"Wenn Steine reden könnten"

PRÜM/FERSCHWEILER. Volkssport Wandern: Tausende sind am Wochenende in die Eifel gekommen, um zum 106. Deutschen Wandertag die Region zu erkunden. Der TV hat eine Gruppe bei ihrer abwechslungsreichen Exkursion auf dem Ferschweiler Plateau in der Südeifel begleitet.

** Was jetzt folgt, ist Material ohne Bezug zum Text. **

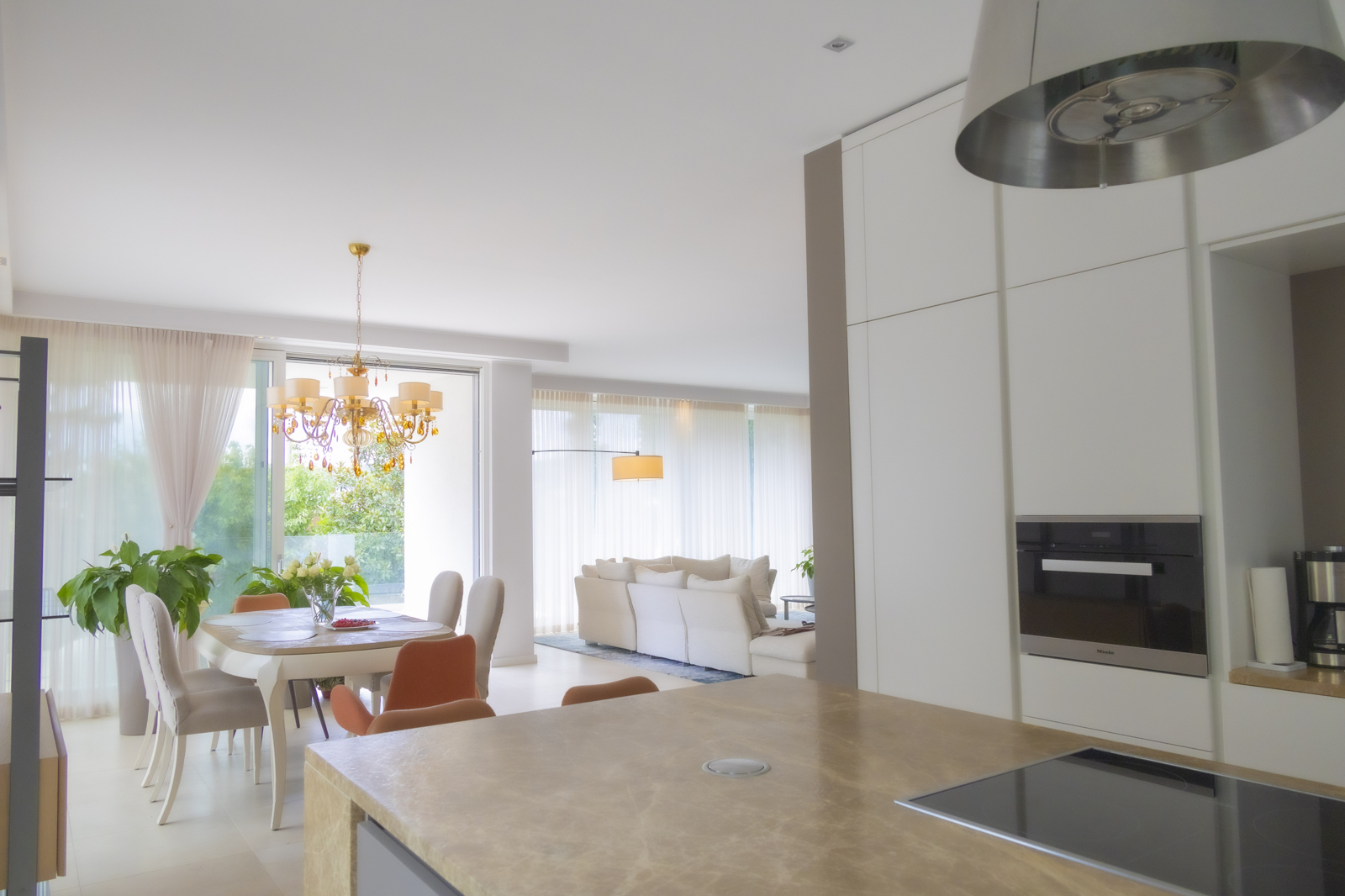 Architektonisches Juwel in Hietzing: Lift, Pool, Sauna und Smart-Home-System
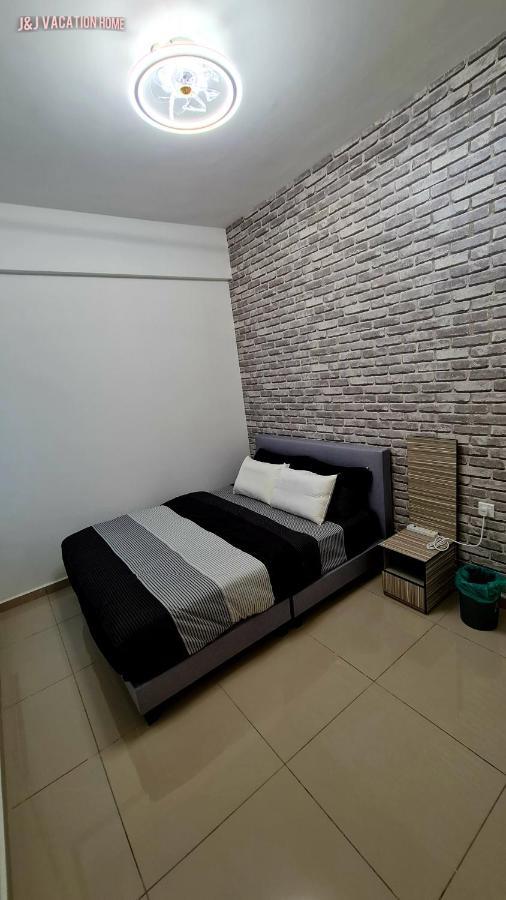 J&J Vacation Home@Novo8 Residence Kampong Tambak 外观 照片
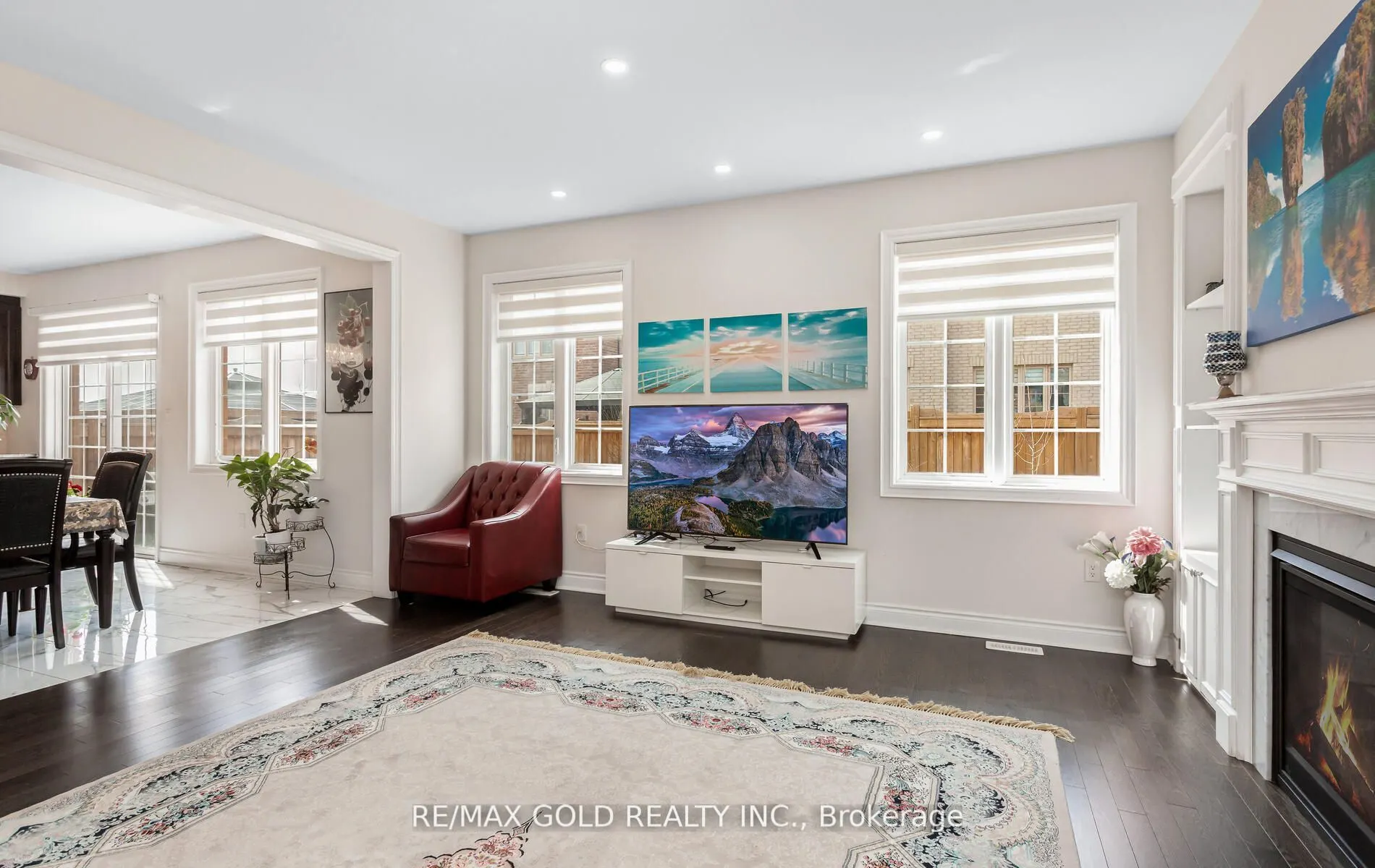 4 Buttonwood Road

Ein Friedhof mitten im Wald: Vereinzelt blinzelt Sonnenlicht durch das dichte Blätterdach. Wuchtige Felsbrocken, einige davon mit eingemeißelten Ornamenten verziert, liegen im Schatten. "Hier sind vor sehr langer Zeit wahrscheinlich Tote verbrannt worden", sagt Wanderführer Arnold Schramen und deutet auf eine in Stein gehauene Mulde, in der man sich gut einen Menschen vorstellen kann. Auf rund 1800 Jahre werde das Alter der keltischen Kultstätte - unweit des Eifelorts Ferschweiler - geschätzt. "Wenn Steine reden könnten", sinniert Waldemar Wagner, ein alter Wanderveteran, der extra aus dem Saarländischen Schaffhausen angereist ist, um dabei zu sein. Auf den Spuren römischer Vergangenheit

Vor einer Stunde ist die achtköpfige Gruppe in Ferschweiler aufgebrochen. Jetzt geht es auf gut ausgebauten Forstwegen durch prächtige Mischwälder weiter. Die Temperatur ist trotz strahlend blauem Himmel und sengender Sonne angenehm - der Wald mit seinem Blätterdach hat die Wirkung einer überdimensionalen Klimaanlage. Der 75-jährige Schramen fühlt sich hier richtig wohl. Im Wald kenne er sich aus, schließlich sei er im Berufsleben Forstarbeiter gewesen, so der Wanderführer, der sich seit über zehn Jahren aktiv im Eifelverein engagiert. Die Gruppe ist am nächsten Ziel angelangt: Ein drei Meter hoher und von Moos überwucherter Felsquader - das Diana-Denkmal aus der Zeit 600 nach Christus. Doch von der römische Jagdgöttin sieht man nichts. Wahrscheinlich wurde die Statue vom Sockel geschlagen, als das Christentum die heidnische Götterverehrung in der Region ablöste, mutmaßt Schramen. Eine auf dem Felssockel in Stein gemeißelte Inschrift verrät mehr über den Ursprung des Denkmals: Hier steht in lateinischen Lettern, dass Quintus Postumius das Denkmal errichtet habe, um Diana ein Versprechen zu erfüllen. "Der Römer hat wohl besonderen Erfolg bei der Jagd gehabt", erklärt Schramen. Rehe, Hirsche, Füchse und Hasen, vor allem aber Wildschweine gebe es heute in der Region. "Letztere nehmen langsam sogar Überhand", sagt der Wanderführer beim Weitergehen. Nach einiger Zeit öffnet sich plötzlich der Wald und die Wanderer erblicken einen wunderschön im Hang liegenden Park - Schloss Weilerbach ist erreicht. Hohe Felswände türmen sich am Wegesrand

Dort trifft die Gruppe Dagmar Lübeck. Die Frau trägt einen schicken, beigefarbenen Hosenanzug und steht vor einem lichtdurchfluteten, mit Blumen festlich hergerichteten Pavillon. Sie muss gleich arbeiten - als Standesbeamtin der Stadt Irrel. Es ist ihre dritte Trauung heute. Doch lässt sie es sich nicht nehmen, den Wandersleuten im Pavillon einen hinter zwei unscheinbaren weißen Türen verborgenen Gang zu zeigen. "Eine Legende besagt, dass es vom Schloss einen drei Kilometer langen unterirdischen Gang bis zur Abtei Echternach gibt", berichtet Lübeck. Am liebsten würde die Gruppe auf Entdeckungstour gehen, aber das Brautpaar ist im Anmarsch. Nach einer kurzen Rast mit kühlem Bier in der Schlossschenke geht es nochmal steil bergan zum letzten Abschnitt der Wanderung: dem Ferschweiler Felsenpfad. Links und rechts des engen Weges türmen sich meterhohe Felswände - ein Paradies für Kletterer. Nach rund 15 Kilometern und mehr als fünf Stunden erreicht die Gruppe wieder ihren Ausgangspunkt: Den Eifelort Ferschweiler. Andreas Werle aus Wattenheim (Pfalz), der mit seinen beiden elf und acht Jahre alten Söhnen dabei war, ist begeistert: "So kann man seinen Kindern fernab von Computer und Schule die Wirklichkeit zeigen."